US News features Seton Hall Law's Weekend Program

Seton Hall Law Featured in US News - "Use a Law Degree for Nonlegal Jobs"

Some people go to law school knowing they don't intend to practice law because they plan on pursuing a law-related job in communications, politics or business.

“We know from experience that a fair percentage of our students already are coming to law school intending to do something other than practice law," says Kathleen Boozang, dean of the Seton Hall University School of Law.

She says this trend is particularly pronounced among enrolled students in Seton's part-time weekend program, who typically also work full time. Many of these students, she says, are currently employed in jobs where a J.D. is an advantage but not a requirement.

Legal career experts say a J.D. is relevant in a wide array of fields.

"A J.D. is a very powerful degree to have in your tool belt regardless of the field you end up working in," says Lisa Bertrand, who earned her J.D. from Georgetown University and has held both legal and nonlegal jobs.

Bertrand, who is now a graduate school recruiter at the New York Institute of Technology's School of Engineering and Computing Sciences, says prospective law students with an interest in nonattorney jobs should see whether their target law school offers second- or third-year electives in topics relevant to their desired career path.

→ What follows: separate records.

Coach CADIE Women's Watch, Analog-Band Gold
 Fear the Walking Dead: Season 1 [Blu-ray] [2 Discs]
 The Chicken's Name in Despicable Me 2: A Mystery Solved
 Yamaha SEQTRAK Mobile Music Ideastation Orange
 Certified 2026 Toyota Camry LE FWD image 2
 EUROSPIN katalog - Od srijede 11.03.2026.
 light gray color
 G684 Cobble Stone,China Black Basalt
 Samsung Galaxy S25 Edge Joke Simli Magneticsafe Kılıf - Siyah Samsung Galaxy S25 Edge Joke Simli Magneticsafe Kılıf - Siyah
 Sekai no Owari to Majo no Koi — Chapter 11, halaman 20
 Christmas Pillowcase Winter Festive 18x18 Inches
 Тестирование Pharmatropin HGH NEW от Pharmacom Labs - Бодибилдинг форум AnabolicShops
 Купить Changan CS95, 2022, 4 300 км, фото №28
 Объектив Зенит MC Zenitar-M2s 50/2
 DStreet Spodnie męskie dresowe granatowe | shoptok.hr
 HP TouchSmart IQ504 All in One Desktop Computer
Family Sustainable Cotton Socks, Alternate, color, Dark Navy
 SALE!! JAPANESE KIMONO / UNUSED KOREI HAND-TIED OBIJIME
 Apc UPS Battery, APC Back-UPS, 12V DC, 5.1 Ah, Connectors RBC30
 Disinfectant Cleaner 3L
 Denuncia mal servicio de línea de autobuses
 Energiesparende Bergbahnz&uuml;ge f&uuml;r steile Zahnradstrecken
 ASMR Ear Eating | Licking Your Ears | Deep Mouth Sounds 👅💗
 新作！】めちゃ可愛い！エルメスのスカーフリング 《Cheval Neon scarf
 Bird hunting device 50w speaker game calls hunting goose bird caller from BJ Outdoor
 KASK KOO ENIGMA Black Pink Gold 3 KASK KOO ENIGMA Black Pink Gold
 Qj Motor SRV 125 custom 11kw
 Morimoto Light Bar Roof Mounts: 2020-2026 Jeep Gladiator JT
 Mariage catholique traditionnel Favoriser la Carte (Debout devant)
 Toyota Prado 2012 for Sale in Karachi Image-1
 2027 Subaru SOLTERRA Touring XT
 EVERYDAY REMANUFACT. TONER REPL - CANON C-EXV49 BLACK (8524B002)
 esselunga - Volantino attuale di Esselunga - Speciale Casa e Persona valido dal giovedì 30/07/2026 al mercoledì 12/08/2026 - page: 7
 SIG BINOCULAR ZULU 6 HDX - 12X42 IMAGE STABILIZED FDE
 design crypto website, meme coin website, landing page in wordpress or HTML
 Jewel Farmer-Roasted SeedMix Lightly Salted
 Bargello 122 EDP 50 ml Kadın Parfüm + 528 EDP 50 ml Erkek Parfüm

Experts advise law school hopefuls with an interest in nonattorney jobs to make sure a J.D. will make them marketable for positions they desire.

"Law school is a challenging three years; it’s in many ways grueling, and it’s not for everyone. And for the people who aren’t sure they want to go, it’s really true that it’s advisable to take some time off to know what you want to do," says David Helfenbein, an alumnus of the Washington University in St. Louis School of Law and a senior vice president with the Main & Rose strategic branding company.

Here are three law-related fields where experts say a J.D. is a compelling advantage.

 Crisis communications: Helfenbein – who specializes in branding, crisis communications and government relations – says his law degree regularly comes in handy when he represents clients with public relations troubles. Crisis communications is a challenging form of public relations work that involves representing individuals or companies facing litigation or criminal charges or receiving other negative publicity.

“People in crisis communications have to be very careful with the words that they choose just as lawyers have to be very careful with the words that they choose," he says.

Helfenbein adds that crisis communications work often involves collaborating with a client's attorneys to ensure that no public statements released on the client's behalf put the client in legal jeopardy. “We are in many ways a public-facing component of a legal defense," he says.

 Politics: Some experts say lobbyists have more credibility with politicians if they have law degrees, and many experts say a law degree is an advantage for government relations careers.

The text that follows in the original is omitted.